There is yet another study which says that, while the effectiveness of mRNA vaccines (Pfizer in this case) is reduced against various variants, it is should still be good enough.

This paper finds that vaccination with Moderna should be fine against B.1.1.7, but that B.1.351 has significantly increased resistance. (It does not render a judgement on whether the Moderna vax is good enough or not.) The paper also shows that many monoclonal antibodies (e.g. bamlanivimab, casirivimab) have markedly reduced effectiveness against B.1.1.7 and B.1.351. Convalescent plasma from COVID Classic patients had good effectiveness against B.1.1.7 and reduced effectiveness against B.1.351.

And here’s a popular press (San Diego Union Tribune) article which talks about how the vaccines work well enough against the variants.

Vaccines

This study says that there were only 16 cases (0.025%) of anaphylaxis among ~65,000 who got mRNA vaccines, and all recovered.

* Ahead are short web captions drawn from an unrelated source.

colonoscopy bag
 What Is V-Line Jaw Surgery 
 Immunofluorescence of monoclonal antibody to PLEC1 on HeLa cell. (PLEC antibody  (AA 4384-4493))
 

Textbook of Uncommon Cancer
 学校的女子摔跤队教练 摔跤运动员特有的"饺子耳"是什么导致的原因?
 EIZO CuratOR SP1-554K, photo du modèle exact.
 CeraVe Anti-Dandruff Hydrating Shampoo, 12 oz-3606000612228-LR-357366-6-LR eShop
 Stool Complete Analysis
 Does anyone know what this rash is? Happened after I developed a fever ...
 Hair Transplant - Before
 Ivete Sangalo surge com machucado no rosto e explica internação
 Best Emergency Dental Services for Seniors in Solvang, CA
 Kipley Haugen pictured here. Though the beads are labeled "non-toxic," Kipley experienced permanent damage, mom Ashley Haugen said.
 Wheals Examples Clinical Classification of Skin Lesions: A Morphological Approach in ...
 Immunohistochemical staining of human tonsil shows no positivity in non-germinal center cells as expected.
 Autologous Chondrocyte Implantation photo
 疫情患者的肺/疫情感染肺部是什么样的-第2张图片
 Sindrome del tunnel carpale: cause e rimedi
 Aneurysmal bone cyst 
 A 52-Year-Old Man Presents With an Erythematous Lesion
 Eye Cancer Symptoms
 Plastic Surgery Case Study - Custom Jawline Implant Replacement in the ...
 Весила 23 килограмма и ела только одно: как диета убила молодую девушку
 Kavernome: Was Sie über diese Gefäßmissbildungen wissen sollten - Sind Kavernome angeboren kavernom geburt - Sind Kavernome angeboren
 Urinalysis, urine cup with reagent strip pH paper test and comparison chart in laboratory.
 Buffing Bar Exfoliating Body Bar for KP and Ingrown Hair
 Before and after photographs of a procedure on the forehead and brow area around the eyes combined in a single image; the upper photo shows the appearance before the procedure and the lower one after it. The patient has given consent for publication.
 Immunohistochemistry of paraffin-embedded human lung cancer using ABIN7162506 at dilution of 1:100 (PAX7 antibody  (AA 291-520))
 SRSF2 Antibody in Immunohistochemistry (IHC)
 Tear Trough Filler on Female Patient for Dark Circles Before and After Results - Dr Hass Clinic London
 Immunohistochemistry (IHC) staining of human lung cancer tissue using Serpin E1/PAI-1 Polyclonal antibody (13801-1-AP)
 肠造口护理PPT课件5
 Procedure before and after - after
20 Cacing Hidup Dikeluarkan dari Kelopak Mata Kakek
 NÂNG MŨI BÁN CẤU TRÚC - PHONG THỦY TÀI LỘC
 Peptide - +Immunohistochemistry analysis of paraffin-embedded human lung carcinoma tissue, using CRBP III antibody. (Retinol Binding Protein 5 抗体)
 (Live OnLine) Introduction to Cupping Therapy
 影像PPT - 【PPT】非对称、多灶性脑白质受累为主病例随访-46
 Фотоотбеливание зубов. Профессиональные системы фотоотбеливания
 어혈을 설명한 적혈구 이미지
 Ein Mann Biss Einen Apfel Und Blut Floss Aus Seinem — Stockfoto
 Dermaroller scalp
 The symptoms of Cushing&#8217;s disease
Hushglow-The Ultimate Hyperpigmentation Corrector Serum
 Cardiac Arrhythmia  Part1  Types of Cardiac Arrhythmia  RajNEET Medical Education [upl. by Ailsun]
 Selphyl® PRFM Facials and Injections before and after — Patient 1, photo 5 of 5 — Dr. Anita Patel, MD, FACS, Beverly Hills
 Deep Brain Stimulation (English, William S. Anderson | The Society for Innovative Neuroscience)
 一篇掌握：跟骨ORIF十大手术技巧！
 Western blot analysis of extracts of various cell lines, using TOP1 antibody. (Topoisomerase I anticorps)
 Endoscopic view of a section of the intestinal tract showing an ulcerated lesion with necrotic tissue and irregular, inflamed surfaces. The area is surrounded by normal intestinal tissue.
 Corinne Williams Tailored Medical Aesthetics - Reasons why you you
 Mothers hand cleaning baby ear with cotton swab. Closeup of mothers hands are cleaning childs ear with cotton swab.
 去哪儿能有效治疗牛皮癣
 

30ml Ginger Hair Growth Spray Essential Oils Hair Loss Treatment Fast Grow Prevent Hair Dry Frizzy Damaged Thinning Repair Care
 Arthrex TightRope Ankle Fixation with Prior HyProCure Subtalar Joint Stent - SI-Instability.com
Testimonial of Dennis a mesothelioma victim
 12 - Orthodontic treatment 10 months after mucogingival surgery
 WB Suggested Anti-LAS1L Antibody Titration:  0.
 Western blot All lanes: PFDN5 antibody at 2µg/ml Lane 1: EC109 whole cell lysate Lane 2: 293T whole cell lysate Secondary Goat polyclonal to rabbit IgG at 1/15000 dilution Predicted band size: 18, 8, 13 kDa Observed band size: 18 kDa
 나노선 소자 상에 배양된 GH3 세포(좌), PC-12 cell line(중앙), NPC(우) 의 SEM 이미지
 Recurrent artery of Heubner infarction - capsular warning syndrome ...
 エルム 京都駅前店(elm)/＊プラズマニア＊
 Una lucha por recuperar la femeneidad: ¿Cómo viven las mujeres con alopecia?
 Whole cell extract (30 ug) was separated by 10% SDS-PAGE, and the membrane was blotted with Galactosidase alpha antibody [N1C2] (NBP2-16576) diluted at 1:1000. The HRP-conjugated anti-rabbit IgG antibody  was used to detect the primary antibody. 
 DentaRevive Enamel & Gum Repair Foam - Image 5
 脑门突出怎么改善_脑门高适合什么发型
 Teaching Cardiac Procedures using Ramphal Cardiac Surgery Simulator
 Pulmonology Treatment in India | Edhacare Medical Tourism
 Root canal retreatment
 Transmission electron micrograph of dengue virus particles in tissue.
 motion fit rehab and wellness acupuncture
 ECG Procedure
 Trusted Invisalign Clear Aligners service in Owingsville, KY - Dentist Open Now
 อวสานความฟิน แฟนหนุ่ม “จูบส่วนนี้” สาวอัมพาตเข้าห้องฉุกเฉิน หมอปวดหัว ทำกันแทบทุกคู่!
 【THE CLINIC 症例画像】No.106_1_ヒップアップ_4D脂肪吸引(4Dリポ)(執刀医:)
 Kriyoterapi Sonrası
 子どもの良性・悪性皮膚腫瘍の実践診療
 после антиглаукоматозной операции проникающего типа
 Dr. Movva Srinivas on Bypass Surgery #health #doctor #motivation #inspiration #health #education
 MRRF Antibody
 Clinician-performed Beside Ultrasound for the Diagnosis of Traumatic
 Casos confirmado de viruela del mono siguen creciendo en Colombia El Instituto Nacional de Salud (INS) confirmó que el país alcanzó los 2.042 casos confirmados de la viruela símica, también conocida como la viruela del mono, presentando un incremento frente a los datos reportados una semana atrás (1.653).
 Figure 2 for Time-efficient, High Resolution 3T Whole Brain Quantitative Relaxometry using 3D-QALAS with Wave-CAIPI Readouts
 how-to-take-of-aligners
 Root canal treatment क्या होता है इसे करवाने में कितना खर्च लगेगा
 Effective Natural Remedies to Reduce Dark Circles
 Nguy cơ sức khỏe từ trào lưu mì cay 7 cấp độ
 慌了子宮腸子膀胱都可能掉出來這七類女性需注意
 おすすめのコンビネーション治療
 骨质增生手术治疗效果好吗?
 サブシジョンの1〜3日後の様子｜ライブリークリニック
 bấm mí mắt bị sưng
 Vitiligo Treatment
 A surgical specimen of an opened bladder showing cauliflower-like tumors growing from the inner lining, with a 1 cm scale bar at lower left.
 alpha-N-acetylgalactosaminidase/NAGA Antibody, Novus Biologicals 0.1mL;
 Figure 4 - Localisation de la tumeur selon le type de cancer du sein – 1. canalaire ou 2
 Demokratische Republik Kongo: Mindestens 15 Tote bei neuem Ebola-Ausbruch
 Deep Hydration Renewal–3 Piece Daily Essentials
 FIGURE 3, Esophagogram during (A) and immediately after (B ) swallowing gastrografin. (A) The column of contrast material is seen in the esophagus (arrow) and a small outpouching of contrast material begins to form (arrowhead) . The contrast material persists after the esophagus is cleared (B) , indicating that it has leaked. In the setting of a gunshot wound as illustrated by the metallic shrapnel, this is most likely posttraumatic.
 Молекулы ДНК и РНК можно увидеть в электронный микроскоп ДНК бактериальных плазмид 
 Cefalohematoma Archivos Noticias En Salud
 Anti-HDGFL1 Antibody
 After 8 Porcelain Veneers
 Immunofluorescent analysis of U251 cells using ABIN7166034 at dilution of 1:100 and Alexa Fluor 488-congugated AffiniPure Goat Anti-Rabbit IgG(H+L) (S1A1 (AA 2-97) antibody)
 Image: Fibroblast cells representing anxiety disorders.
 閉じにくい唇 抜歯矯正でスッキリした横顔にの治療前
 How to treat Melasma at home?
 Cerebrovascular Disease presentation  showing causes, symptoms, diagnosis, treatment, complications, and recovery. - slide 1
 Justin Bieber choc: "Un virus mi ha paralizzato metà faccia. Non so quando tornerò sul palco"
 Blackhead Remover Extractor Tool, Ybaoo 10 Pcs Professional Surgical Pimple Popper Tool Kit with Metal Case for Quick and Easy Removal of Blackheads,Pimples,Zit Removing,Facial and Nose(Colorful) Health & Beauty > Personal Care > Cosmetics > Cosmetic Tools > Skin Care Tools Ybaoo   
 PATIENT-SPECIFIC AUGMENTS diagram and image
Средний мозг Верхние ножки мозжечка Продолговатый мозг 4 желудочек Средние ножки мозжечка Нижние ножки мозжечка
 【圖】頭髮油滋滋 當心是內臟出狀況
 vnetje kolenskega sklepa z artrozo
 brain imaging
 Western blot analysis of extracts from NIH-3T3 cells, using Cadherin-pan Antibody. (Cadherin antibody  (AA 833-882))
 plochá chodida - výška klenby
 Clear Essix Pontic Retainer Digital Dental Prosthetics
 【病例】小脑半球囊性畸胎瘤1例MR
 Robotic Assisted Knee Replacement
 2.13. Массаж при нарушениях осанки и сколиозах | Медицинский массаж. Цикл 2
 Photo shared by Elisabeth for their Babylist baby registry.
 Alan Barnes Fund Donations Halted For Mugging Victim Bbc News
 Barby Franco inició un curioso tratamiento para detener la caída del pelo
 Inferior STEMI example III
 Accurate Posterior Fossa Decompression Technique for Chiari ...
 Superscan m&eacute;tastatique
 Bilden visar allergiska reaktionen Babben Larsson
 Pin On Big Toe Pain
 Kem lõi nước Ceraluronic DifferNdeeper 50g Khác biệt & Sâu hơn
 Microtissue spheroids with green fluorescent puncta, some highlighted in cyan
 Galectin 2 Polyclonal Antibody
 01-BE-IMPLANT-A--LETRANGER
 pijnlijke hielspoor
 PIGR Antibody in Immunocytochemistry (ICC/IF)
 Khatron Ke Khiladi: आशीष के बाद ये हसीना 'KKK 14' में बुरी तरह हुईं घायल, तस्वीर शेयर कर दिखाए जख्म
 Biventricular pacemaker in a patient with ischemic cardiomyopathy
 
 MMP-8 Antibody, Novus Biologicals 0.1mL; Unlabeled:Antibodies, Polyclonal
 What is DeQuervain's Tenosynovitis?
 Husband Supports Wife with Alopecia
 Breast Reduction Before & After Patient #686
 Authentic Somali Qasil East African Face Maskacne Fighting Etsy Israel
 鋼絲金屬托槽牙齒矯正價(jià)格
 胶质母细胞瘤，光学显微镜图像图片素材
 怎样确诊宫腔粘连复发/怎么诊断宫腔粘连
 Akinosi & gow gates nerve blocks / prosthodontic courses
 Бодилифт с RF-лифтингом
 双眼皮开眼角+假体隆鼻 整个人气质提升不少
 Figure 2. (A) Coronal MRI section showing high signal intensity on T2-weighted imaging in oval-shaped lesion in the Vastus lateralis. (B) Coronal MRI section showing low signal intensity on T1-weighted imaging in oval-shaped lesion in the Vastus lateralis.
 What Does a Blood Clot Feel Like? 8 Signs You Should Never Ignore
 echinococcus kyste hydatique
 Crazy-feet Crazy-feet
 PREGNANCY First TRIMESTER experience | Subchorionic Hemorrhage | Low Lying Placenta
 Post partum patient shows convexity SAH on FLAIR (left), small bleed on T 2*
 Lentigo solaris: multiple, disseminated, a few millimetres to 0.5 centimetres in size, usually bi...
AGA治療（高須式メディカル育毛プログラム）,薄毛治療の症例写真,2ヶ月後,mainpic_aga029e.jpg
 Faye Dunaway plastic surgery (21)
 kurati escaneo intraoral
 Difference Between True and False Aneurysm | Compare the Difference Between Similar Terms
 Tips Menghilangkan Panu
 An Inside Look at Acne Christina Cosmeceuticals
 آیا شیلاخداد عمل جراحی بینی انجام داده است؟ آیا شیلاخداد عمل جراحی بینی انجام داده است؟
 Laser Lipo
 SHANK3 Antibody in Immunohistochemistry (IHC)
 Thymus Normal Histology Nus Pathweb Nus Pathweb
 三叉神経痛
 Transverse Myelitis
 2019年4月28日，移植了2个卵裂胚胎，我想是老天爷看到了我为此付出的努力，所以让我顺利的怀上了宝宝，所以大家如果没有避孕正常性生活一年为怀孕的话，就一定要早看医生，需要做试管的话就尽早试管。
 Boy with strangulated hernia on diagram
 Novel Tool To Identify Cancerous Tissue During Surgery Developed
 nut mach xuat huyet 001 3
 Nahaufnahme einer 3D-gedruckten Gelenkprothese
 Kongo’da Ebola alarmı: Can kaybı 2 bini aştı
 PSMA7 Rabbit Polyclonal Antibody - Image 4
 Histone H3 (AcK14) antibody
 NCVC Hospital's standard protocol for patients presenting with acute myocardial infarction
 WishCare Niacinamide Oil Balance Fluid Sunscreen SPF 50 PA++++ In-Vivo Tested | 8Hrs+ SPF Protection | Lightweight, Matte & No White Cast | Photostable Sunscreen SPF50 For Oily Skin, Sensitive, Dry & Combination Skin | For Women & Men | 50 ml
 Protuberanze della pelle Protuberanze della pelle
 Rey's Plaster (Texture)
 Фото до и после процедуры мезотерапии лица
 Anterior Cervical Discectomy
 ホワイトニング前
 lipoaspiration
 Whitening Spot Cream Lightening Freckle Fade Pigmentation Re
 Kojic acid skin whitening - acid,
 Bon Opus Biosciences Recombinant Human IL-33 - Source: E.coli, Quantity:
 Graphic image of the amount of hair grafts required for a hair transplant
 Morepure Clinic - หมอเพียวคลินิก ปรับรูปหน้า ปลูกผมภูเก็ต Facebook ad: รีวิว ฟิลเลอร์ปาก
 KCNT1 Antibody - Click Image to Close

This preprint says that a second dose of an mRNA vax isn’t much use for people who have had COVID-19 already. It’s not harmful, but just doesn’t do much. (One dose, however, is a good idea.

Evolution

This thread lays out an argument that COVID-19 will become endemic by analogy with other coronaviruses, the “common cold” viruses. They point out that we ALL get the common-cold-coronaviruses as kids, and that they can be deadly to adults, especially older ones. We don’t think of them as deadly because we all have antibodies to them now.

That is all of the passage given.